WORK TASK: Could you restate every entry word for word, minus the pictures?

———

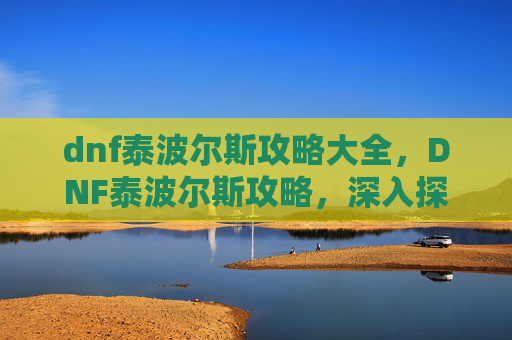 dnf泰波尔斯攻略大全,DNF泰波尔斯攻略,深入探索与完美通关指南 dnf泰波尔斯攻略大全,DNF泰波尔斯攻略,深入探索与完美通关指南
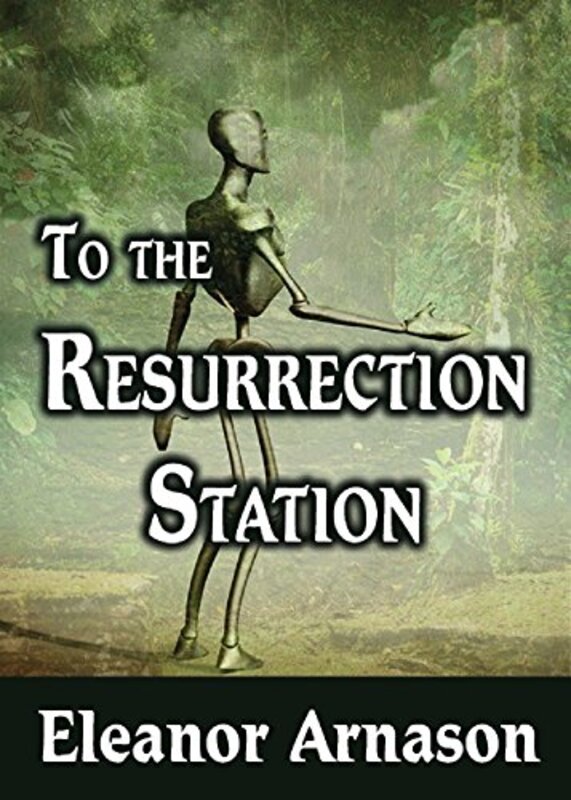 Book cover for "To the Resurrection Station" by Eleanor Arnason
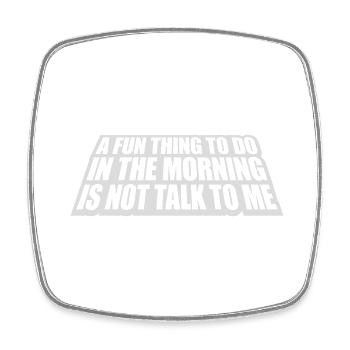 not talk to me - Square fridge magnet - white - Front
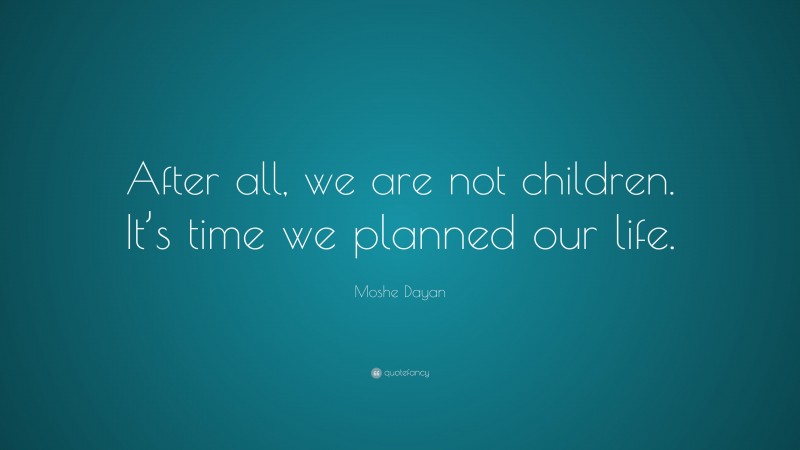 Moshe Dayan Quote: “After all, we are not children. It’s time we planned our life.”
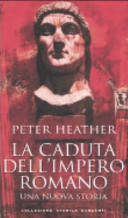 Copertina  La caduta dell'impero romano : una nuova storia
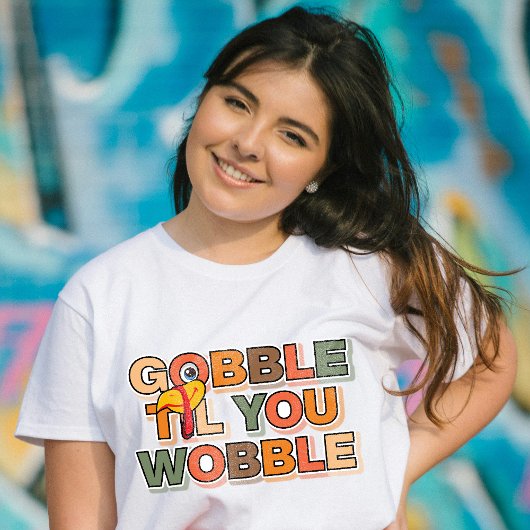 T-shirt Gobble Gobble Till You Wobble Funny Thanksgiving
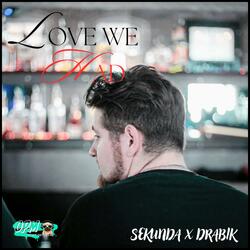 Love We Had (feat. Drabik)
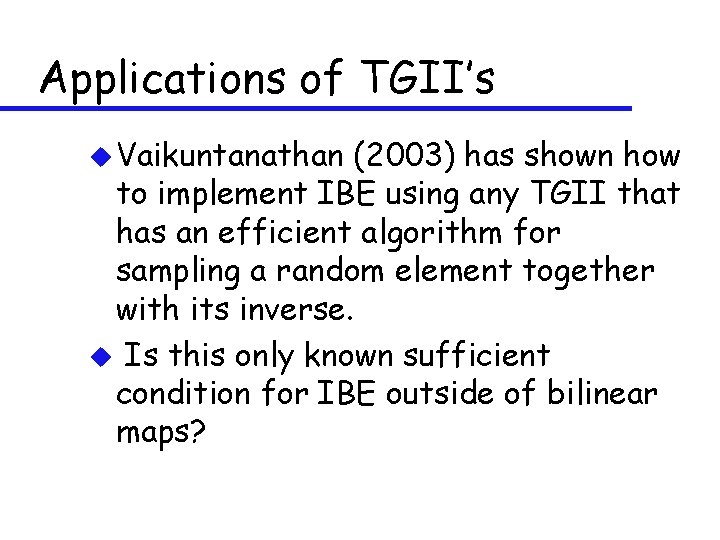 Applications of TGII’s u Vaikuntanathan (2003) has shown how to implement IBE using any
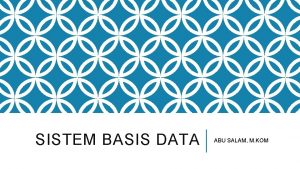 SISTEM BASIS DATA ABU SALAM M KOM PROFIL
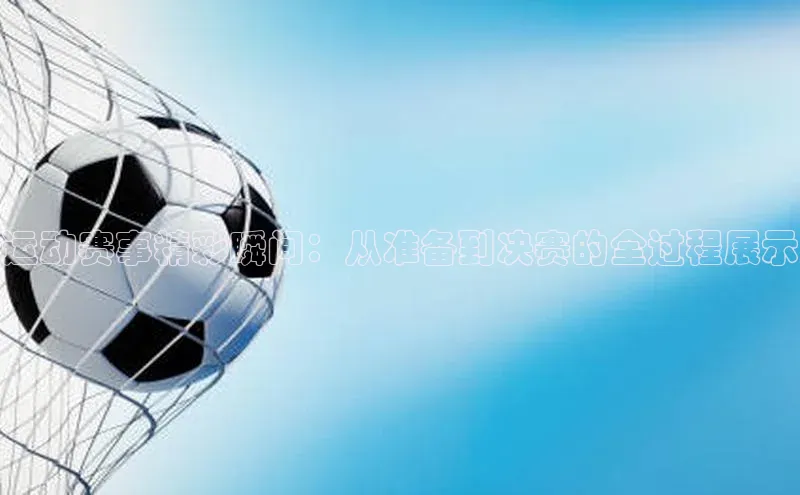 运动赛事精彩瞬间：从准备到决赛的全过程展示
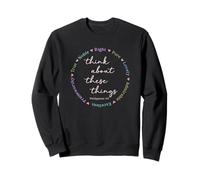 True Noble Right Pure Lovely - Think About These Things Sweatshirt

———

RESPONSE TO THIS EXERCISE:
 dnf泰波尔斯攻略大全,DNF泰波尔斯攻略,深入探索与完美通关指南 dnf泰波尔斯攻略大全,DNF泰波尔斯攻略,深入探索与完美通关指南
 Book cover for "To the Resurrection Station" by Eleanor Arnason
 not talk to me - Square fridge magnet - white - Front
 Moshe Dayan Quote: “After all, we are not children. It’s time we planned our life.”
 Copertina  La caduta dell'impero romano : una nuova storia
 T-shirt Gobble Gobble Till You Wobble Funny Thanksgiving
 Love We Had (feat. Drabik)
 Applications of TGII’s u Vaikuntanathan (2003) has shown how to implement IBE using any
 SISTEM BASIS DATA ABU SALAM M KOM PROFIL
 运动赛事精彩瞬间：从准备到决赛的全过程展示
 True Noble Right Pure Lovely - Think About These Things Sweatshirt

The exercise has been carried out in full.